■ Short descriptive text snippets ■
⟨
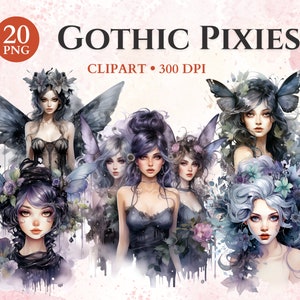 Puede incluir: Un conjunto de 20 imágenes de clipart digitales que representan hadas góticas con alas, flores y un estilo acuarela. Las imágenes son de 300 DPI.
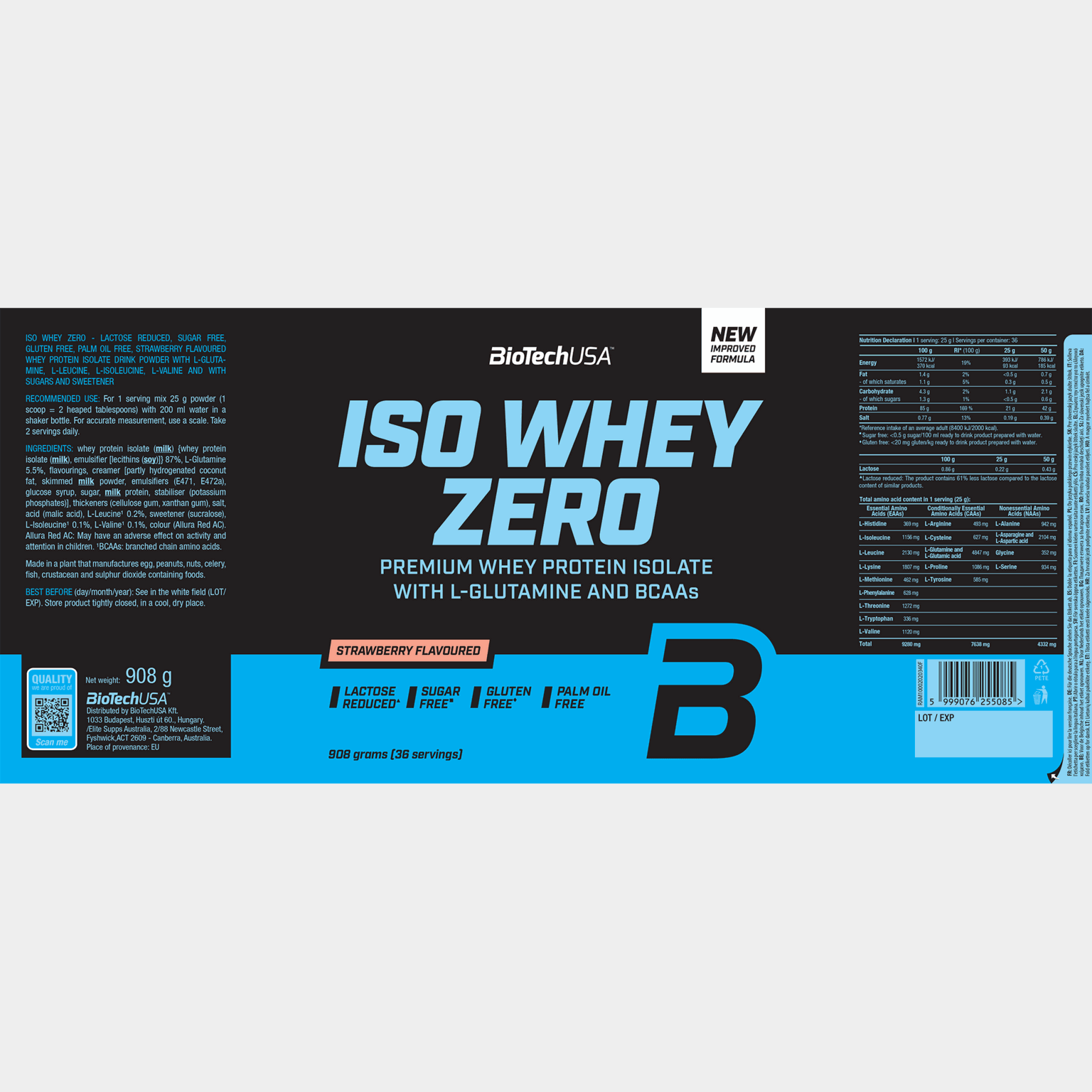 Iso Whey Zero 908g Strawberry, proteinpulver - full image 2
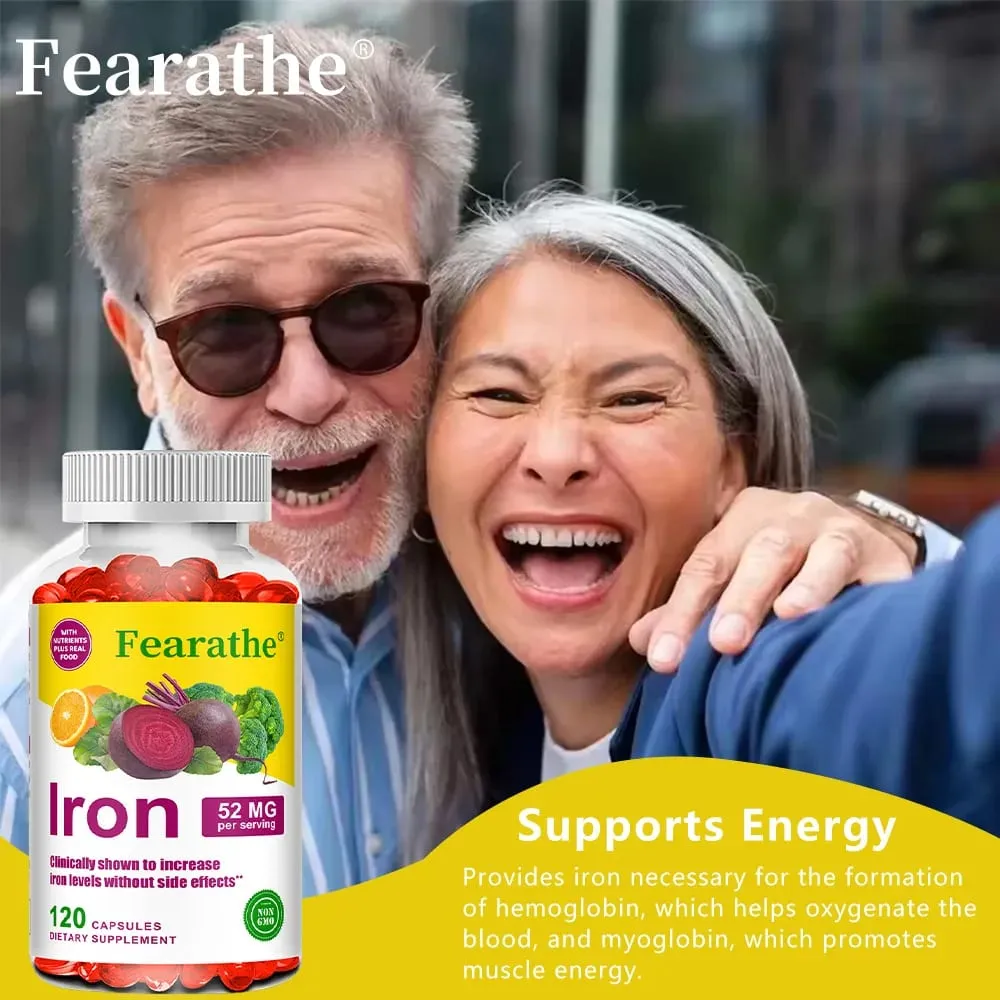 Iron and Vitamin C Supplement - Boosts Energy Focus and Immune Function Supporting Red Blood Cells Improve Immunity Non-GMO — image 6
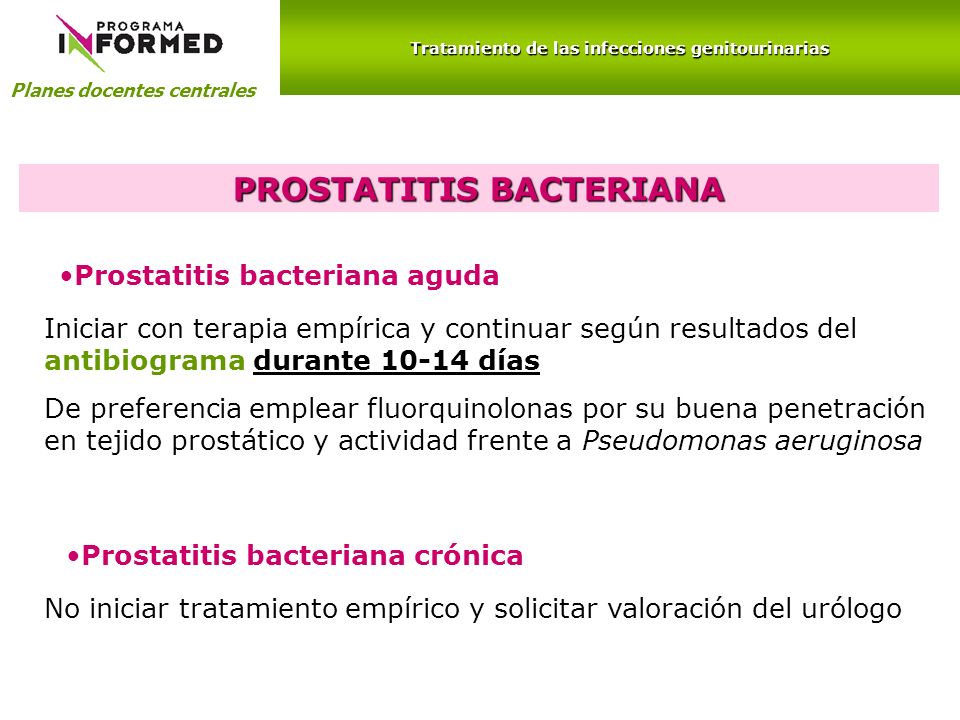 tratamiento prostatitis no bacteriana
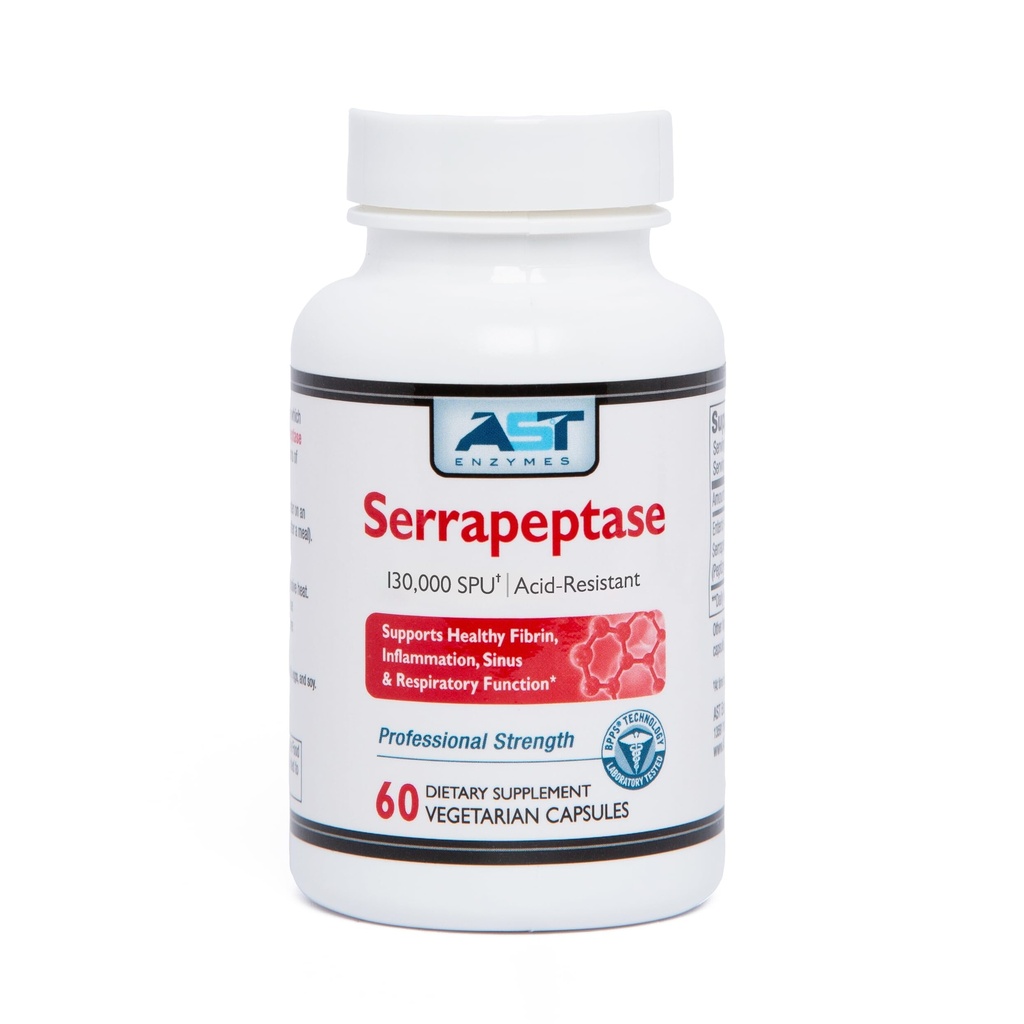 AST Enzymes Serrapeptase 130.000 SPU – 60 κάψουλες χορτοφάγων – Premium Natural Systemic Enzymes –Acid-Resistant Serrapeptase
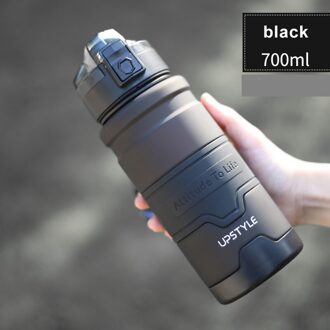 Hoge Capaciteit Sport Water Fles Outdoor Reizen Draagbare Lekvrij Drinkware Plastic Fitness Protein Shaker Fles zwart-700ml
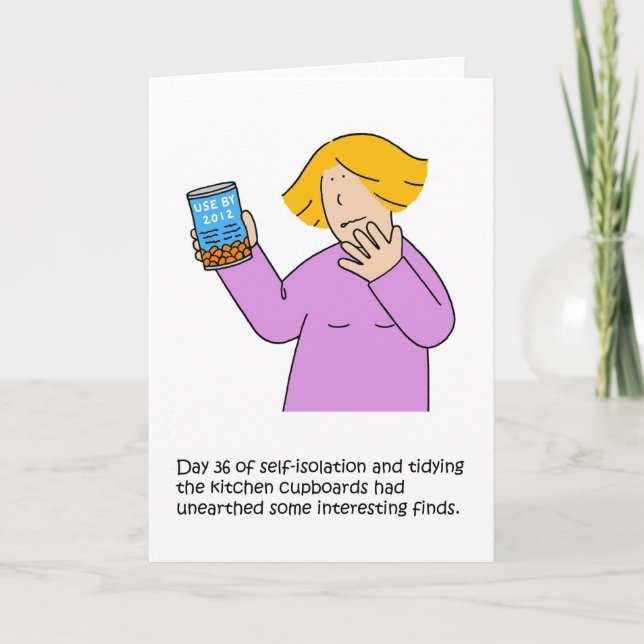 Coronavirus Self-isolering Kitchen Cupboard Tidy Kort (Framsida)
⟩
■ What the exercise asks ■
Exclude all pictures and reproduce exactly the lines from the one containing "AST Enzymes Serrapeptase" through the final line of the entries above.

■ Exercise answer ■
 AST Enzymes Serrapeptase 130.000 SPU – 60 κάψουλες χορτοφάγων – Premium Natural Systemic Enzymes –Acid-Resistant Serrapeptase
 Hoge Capaciteit Sport Water Fles Outdoor Reizen Draagbare Lekvrij Drinkware Plastic Fitness Protein Shaker Fles zwart-700ml
 Coronavirus Self-isolering Kitchen Cupboard Tidy Kort (Framsida)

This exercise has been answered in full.